The graveyard, however, has over 100 tombs and dozens of fresh graves -- most of them shallow -- dug in recent months. It has further crowded the burial ground.

"I have stopped going to school after many dead people walked out of their graves and came into my dreams, ordering me to reach school on time," said six-year-old Raqib Ansari.

Nuresha Kaitoon, a student, said: "We play and study in the graveyard. When asleep at home, we get weird dreams. Like the one, in which a man with a beard comes shouting at us and orders us to go to school. When it's dark, we are very scared."

Some of the parents have complained that their children are not taking proper sleep. They are afraid of ghosts at their school and it's affecting their health as well.

Iltaf Hussain, parent of a student, said: "The children play and study at the graveyard. When children realise that they are amidst dead men, they get nightmares and are scared."

"They used to play and study together and finish their lunch boxes while sitting on top of concrete graves but now the ghosts have come to haunt them at night and they are falling ill," Riyazuddin Ansari, father of another student said.

"We have no other option, but to send our children to the graveyard school. Because the next nearest school is at least four hours away from our village. It is not possible for us to admit our little children such far away," Naseem Ahmad told to the SVM News Service.

"It is really an unusual school, as children spend hours surrounded by graves," said Majeed Ansari, an elderly person of Kohari village who is one of the founders of the school.

"We started this school in the 60s in a thatched hut in the graveyard, as there was no other place to set up it. The villagers did not object since nobody was ready to donate a small piece of land for it," Majeed Ansari told to Paul Ciniraj, the Director of the Salem Voice Ministries and SVM News Service. "Though most students in the school are Muslims, it does have dozens of Hindu children on its rolls," he continued.

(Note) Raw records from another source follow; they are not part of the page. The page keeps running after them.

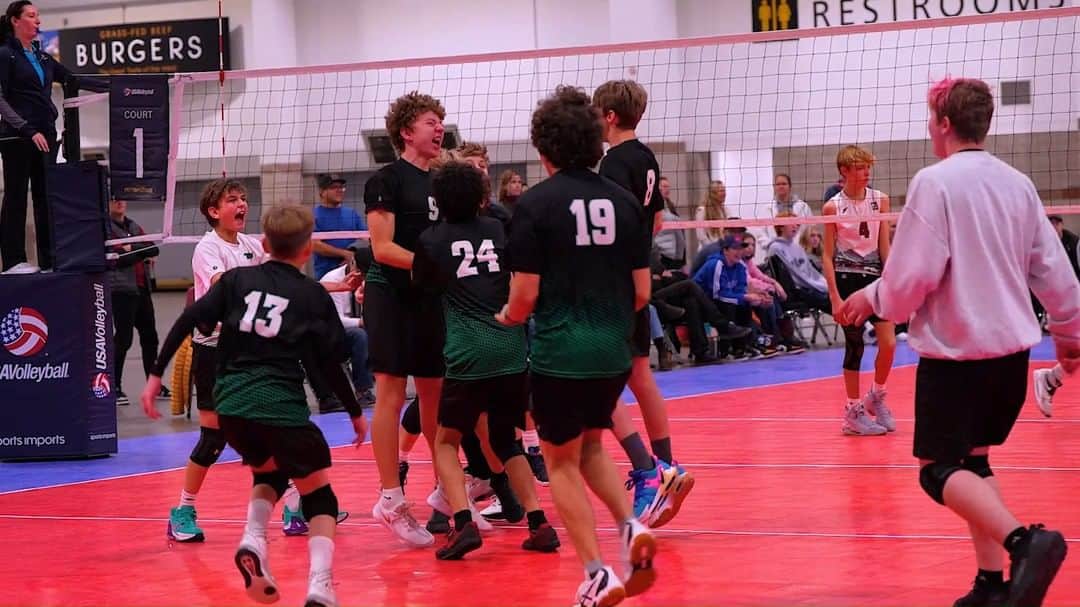 USA Volleyballのインスタグラム：「Still thinking about the vibes 🔥 from last weekend's Mountain Classic Boys National Qualifier in Denver. Thanks to all the teams, officials and families who joined us!」
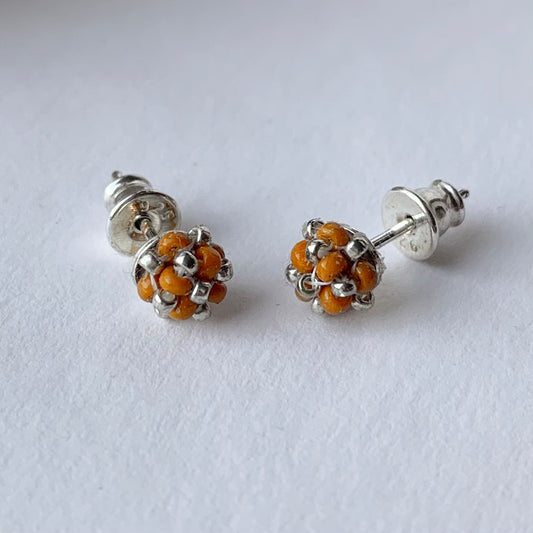 Örhängen stift med liten pärlad pärla i mandarin och silver från MoLaja Design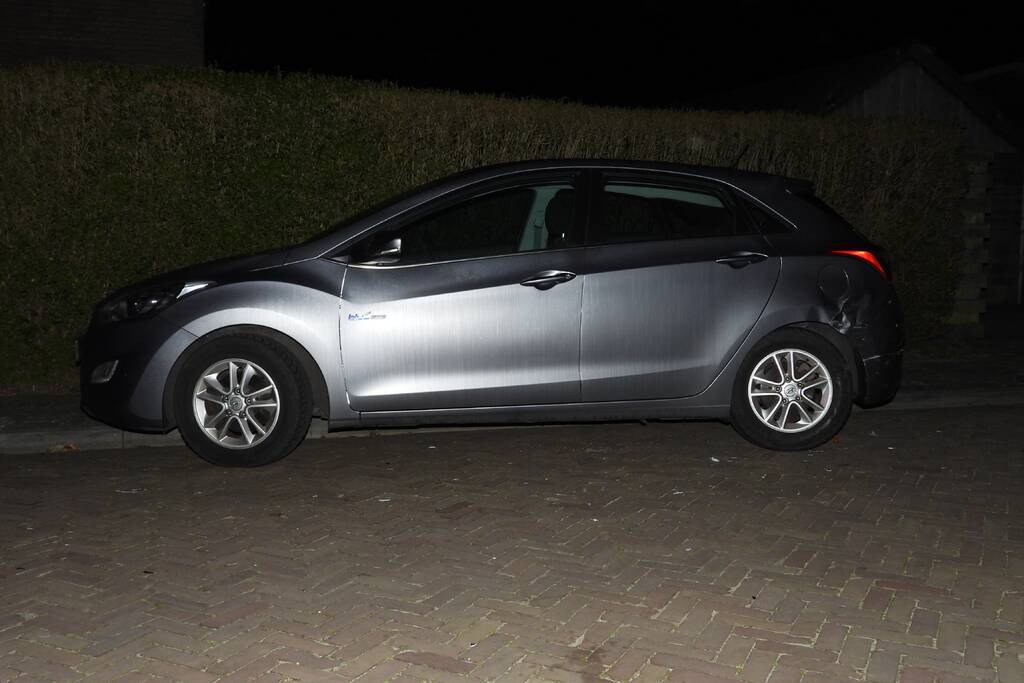 Automobilist ramt geparkeerde auto's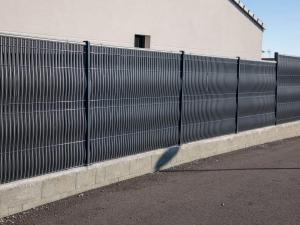 Pose clôture : choisir la meilleure solution pour un terrain en pente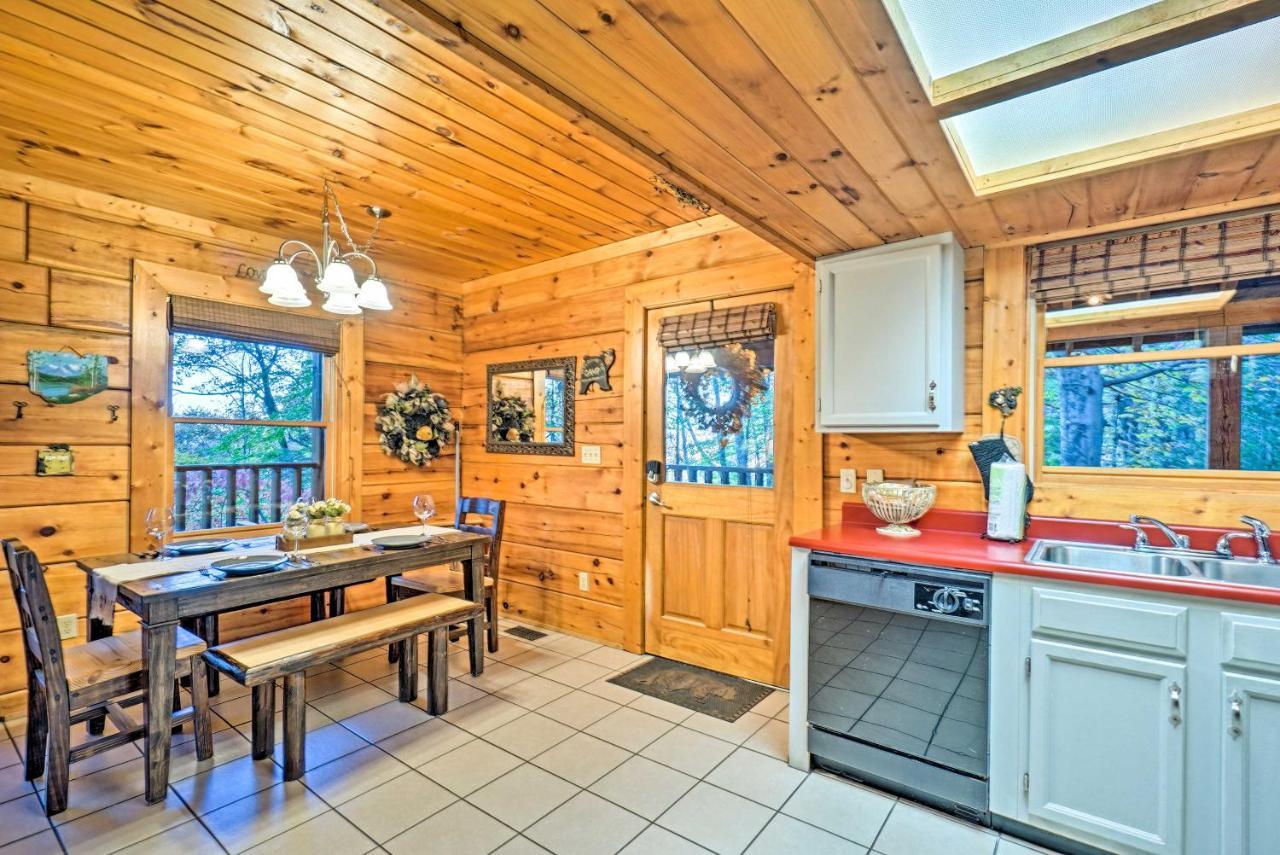 Grin N Bear It Cabin With Hot Tub And Fire Pit! Пиджен Фордж Екстериор снимка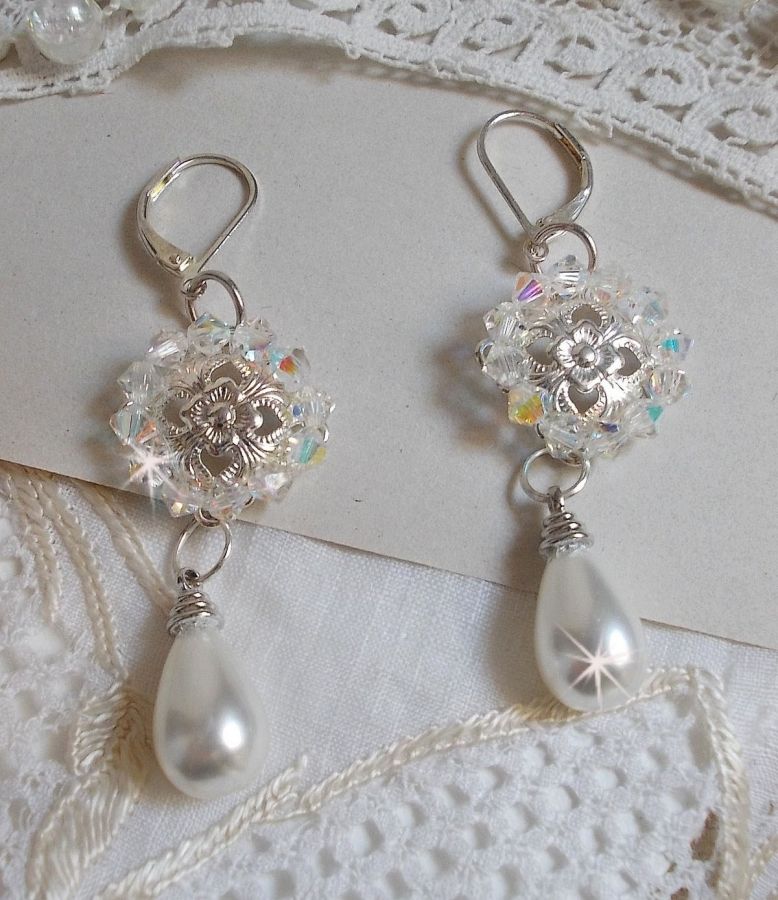 BO Gouttelettes Givrées with Swarovski crystal spinning tops and white Majorca pearls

"A few years ago the local administration built three rooms for the school following the intervention of village head. However, one of three rooms is being used as the school office while the other two are not big enough to accommodate hundreds of children," Majeed Ansari added.

School teachers admit that some parents have complained about evil spirits and ghost haunting their children. Several horror stories have also been doing the rounds for years. Rumours say children, who attend the school, are given sweets and chocolates by ghosts.

Authorities in densely populated Bihar said they were trying to provide new land for the school.

"Maybe the dead are not enjoying the noise inside the graveyard any more, but we are looking into the matter," said Ram Yash Singh, a village council official.

Hundreds of children at the school accompanied by their parents, marched to the office of a senior district official, asking for the school to be shifted away from the graveyard before last week.

If God willing, Salem Voice Ministries pray and plan to start a village school over there as its mission. We look unto God for it. SVM director said.